I've also included descriptions for Pickering's Triangular Wisp as well as NGC 6974 and 6979. 2000 coordinates are given for the approximate center of these objects, estimates for their diameters and they are also labeled on the accompanying DSS image of the Veil. Click the image for a higher resolution labeled view.
20 51 04 +31 49.7
Although the NGC position (from the 4th Earl of Rosse) is 74' further south in an empty section of the Veil, this number is generally applied to the SE end of the 25' section of nebulosity between the north end of Pickering's Triangular Wisp and the north end of NGC 6992/5 (eastern section of the Veil). This patch is roughly 4'x2.5' in size and contains three brighter stars. A thread of nebulosity extends NW and then spreads out at the NW end (see N6979). Extremely faint haze extends at least 20' SE towards a slightly brighter patch (see notes on section G).
20 50 28 +32 01.6
This number is generally applied to the NW end of a fairly faint 20'x4' section of the Veil, located the NE of the northern end of Pickering's Triangular Wisp.

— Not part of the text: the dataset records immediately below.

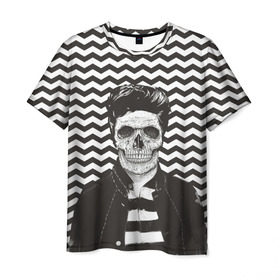Мужская футболка 3D с принтом Мертвый модник в Санкт-Петербурге, 100% полиэфир | прямой крой, круглый вырез горловины, длина до линии бедер | bone | death | fashion | hipster | skelet | skull | кости | мода | скелет | темный | хипстер | череп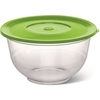 EMSA SUPERLINE Salatschale mit Deckel - Set,  2 + 3, 5 Liter 0000514563,  Farbe: Transparent / Grün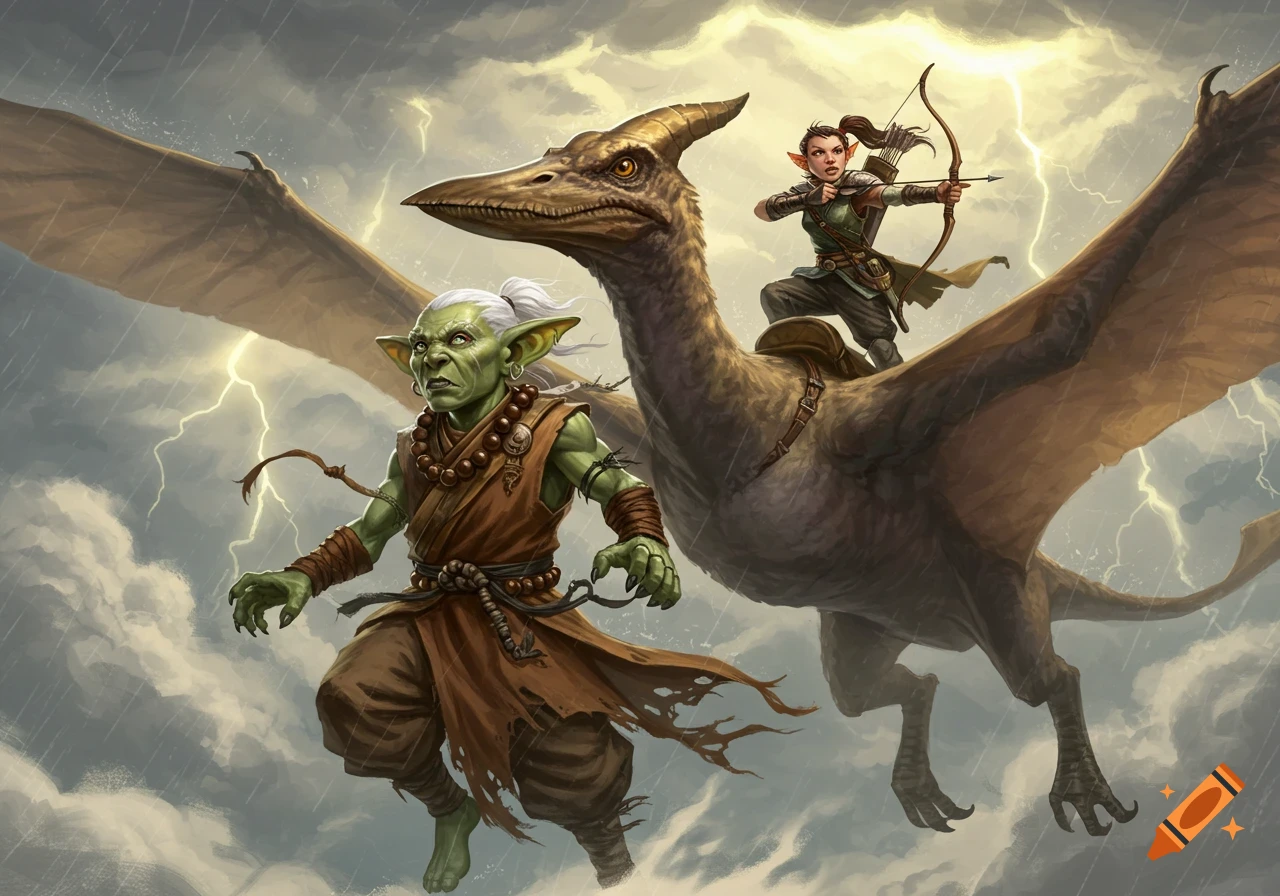 An albino goblin monk and a halfling archer ride a pteranodon through a stormy, lightning-filled sky.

The NW end is roughly 5'x3' and involves a few stars including a couple on the SW side and a couple on the north side. An isolated filament (section "F") oriented NNW-SSE is situated 10' ENE of N6979. To the south of N6979 the nebulosity thins and a faint thread extends to the SE before spreading out again on the SE end (see N6974), about 15' from N6979.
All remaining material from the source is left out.